1.09.2012

Recent NLRB Ruling Prohibits Employers from Requiring Employees to Sign Arbitration Agreements that Forbid the Collective Pursuit of Employment-Related Claims

On Friday, January 6, 2012, the National Labor Relations Board (NLRB) released its ruling on the issue of “whether an employer violates Section 8(a)(1) of the National Labor Relations Act when it requires employees covered by the Act, as a condition of their employment, to sign an agreement that precludes them from filing joint, class, or collective claims addressing their wages, hours or other working conditions against the employer in any forum, arbitral or judicial.” In D.R. Horton, Inc. and Michael Cuda, Case 12-CA-25764 (January 3, 2012), the NLRB concluded that such an agreement unlawfully restricts employees’ Section 7 rights to engage in concerted activity for mutual aid or protection.   
Michael Cuda, the Charging Party, alleged that his employer, D.R. Horton, was misclassifying its superintendents (including himself) as exempt from the provisions of the Fair Labor Standards Act (FLSA). His counsel sought to have the matter certified as a nationwide class action.

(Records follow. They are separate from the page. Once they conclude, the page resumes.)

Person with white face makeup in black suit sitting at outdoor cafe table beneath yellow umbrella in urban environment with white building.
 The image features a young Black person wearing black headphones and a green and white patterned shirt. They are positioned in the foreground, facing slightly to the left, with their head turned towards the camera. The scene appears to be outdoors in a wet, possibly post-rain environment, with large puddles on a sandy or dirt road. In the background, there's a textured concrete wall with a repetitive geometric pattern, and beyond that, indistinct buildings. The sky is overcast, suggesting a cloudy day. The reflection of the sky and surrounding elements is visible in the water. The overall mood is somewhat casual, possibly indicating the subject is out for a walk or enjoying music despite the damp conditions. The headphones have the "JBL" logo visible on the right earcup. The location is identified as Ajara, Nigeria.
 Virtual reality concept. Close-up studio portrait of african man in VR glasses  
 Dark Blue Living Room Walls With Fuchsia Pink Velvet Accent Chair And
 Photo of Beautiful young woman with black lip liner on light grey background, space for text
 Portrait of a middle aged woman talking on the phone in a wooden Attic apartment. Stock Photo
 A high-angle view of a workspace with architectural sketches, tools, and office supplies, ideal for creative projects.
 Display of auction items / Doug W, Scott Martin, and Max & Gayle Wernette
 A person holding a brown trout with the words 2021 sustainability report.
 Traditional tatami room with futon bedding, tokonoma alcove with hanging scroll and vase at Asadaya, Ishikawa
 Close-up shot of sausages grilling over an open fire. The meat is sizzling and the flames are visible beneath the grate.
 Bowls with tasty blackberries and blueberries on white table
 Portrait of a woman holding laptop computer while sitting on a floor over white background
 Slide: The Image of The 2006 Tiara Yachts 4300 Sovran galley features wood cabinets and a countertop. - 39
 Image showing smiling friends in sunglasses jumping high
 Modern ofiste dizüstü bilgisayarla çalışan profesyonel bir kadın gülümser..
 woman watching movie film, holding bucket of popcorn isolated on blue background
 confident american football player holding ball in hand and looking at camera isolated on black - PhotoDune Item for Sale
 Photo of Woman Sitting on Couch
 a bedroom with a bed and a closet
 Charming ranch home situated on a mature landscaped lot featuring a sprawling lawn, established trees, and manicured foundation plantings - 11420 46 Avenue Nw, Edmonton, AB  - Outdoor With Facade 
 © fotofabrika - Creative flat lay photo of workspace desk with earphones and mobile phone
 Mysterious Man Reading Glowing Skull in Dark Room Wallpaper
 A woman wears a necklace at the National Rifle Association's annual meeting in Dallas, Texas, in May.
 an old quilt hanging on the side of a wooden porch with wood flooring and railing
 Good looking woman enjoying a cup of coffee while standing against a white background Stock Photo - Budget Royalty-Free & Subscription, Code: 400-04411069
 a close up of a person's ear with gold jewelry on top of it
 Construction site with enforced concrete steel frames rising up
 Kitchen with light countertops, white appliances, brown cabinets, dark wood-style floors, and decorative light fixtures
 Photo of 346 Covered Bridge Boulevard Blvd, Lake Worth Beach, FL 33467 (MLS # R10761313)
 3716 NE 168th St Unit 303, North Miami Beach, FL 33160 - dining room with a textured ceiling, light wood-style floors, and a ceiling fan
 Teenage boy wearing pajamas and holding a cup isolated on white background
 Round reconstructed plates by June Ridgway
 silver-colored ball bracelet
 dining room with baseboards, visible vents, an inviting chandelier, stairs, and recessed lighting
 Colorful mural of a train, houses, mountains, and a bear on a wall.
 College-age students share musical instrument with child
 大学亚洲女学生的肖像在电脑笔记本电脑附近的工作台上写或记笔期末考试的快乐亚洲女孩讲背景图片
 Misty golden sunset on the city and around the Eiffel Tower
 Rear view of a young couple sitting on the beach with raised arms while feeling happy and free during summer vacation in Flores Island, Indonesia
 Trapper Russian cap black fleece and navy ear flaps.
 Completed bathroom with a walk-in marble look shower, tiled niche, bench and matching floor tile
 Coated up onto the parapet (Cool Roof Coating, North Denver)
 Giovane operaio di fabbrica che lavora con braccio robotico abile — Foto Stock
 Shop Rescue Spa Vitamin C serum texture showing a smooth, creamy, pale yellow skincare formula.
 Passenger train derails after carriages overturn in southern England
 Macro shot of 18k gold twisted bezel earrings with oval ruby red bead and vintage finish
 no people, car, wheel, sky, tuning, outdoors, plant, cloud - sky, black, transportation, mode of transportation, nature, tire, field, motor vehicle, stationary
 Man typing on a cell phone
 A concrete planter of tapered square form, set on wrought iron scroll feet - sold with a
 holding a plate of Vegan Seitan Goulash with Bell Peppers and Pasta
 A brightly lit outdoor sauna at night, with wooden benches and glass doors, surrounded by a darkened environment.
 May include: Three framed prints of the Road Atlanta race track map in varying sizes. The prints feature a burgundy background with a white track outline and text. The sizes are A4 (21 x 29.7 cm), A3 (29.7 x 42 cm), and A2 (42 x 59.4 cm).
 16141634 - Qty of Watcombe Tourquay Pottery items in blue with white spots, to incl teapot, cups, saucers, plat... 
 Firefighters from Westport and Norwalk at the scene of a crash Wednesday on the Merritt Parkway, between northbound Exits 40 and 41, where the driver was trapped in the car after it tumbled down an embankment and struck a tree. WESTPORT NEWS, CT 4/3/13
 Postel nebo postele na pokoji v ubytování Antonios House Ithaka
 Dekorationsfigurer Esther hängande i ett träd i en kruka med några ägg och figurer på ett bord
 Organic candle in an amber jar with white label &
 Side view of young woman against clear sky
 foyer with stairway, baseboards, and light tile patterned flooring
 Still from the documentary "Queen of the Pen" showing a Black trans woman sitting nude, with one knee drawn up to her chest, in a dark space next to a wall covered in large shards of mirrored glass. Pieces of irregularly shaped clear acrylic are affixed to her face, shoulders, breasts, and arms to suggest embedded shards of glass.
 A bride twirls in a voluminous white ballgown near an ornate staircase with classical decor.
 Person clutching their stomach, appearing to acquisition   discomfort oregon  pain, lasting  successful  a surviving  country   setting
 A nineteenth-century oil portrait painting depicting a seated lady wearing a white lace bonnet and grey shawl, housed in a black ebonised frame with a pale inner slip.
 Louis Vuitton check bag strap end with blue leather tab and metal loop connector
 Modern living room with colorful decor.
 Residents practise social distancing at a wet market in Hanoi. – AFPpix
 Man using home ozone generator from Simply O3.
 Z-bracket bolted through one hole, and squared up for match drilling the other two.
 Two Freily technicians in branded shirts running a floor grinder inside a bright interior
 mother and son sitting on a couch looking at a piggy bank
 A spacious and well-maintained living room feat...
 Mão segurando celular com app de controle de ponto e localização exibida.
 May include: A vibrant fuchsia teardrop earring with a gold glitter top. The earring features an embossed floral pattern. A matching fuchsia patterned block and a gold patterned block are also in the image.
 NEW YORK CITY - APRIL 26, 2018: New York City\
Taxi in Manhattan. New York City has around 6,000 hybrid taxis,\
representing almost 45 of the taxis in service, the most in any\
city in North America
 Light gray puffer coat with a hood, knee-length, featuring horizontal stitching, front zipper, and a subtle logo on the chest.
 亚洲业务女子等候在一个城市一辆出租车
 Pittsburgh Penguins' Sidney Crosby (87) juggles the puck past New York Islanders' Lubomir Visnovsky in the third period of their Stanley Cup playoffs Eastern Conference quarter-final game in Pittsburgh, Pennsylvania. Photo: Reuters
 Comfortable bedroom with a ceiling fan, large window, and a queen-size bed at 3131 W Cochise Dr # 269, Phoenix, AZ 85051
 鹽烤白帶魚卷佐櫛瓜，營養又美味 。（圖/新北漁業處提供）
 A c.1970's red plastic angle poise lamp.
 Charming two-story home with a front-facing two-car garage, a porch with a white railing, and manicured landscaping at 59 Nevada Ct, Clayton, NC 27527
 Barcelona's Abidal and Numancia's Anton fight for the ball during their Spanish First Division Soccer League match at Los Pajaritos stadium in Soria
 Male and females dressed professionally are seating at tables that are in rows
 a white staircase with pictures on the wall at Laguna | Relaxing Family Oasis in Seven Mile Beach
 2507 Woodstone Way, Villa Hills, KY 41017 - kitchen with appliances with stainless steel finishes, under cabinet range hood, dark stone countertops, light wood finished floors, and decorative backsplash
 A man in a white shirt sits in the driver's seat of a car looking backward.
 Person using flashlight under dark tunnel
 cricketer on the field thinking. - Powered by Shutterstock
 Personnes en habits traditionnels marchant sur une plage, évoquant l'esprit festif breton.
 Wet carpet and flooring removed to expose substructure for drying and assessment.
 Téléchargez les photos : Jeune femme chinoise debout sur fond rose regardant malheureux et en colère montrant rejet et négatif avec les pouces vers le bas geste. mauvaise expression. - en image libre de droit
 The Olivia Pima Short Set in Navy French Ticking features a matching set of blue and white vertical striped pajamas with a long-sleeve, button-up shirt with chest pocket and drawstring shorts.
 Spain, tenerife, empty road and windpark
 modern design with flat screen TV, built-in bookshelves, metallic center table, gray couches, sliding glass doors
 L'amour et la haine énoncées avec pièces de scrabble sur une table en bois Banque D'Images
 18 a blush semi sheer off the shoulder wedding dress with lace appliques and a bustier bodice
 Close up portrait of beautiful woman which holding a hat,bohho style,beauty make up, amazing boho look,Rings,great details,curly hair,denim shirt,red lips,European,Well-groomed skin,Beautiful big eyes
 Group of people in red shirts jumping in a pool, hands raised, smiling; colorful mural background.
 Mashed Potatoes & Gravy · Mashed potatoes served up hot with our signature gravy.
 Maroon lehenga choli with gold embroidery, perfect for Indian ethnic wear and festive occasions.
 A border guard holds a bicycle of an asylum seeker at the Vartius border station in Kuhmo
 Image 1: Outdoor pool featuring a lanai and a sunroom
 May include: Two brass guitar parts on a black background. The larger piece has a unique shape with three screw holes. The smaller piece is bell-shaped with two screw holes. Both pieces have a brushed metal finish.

D.R. Horton countered that the Mutual Arbitration Agreement (MAA) – which was executed by all employees as a condition of employment – solely permitted disputes to be resolved via individual arbitration – thus prompting Mr. Cuda to file an unfair labor practice charge.
At issue in this case were the MAA’s requirements that (i) all employment-related disputes will be determined by a final and binding arbitration and (ii) the arbitrator “may hear only Employee’s individual claims,” “will not have the authority to consolidate the claims of other employees,” and “does not have authority to fashion a proceeding as a class or collective action or to award relief to a group or class of employees in one arbitration proceeding.” 
In concluding that the MAA expressly restricts protected activity, the NLRB reasoned:
The MAA requires employees, as a condition of their employment, to refrain from bringing  collective or class claims in any forum: in court, because the MAA waives their right to a judicial forum; in arbitration, because the MAA provides that the arbitrator cannot consolidate claims or award collective relief. The MAA thus clearly and expressly bars employees from exercising substantive rights that have long been held protected by Section 7 of the NLRA.
As such, D.R. Horton was instructed to rescind the MAA or revise it to clarify that employees do not have to waive their right to pursue a class or collective action.
The NLRB further held that the recent United States Supreme Court ruling in AT&T Mobility v.  Concepcion, 131 S. Ct. 1740 (2011) did not require a different result because that matter was a consumer class action that involved a conflict between the Federal Arbitration Act and state law (thereby implicating the Supremacy Clause), whereas the instant case addressed two conflicting federal statutes.
In sum, the NLRB has made clear its position that class action waivers do not belong in the workplace, and requiring such a waiver as a condition of employment is an unfair labor practice. The decision, which applies both to union and non-union workforces, will most assuredly be appealed to a federal court of appeal.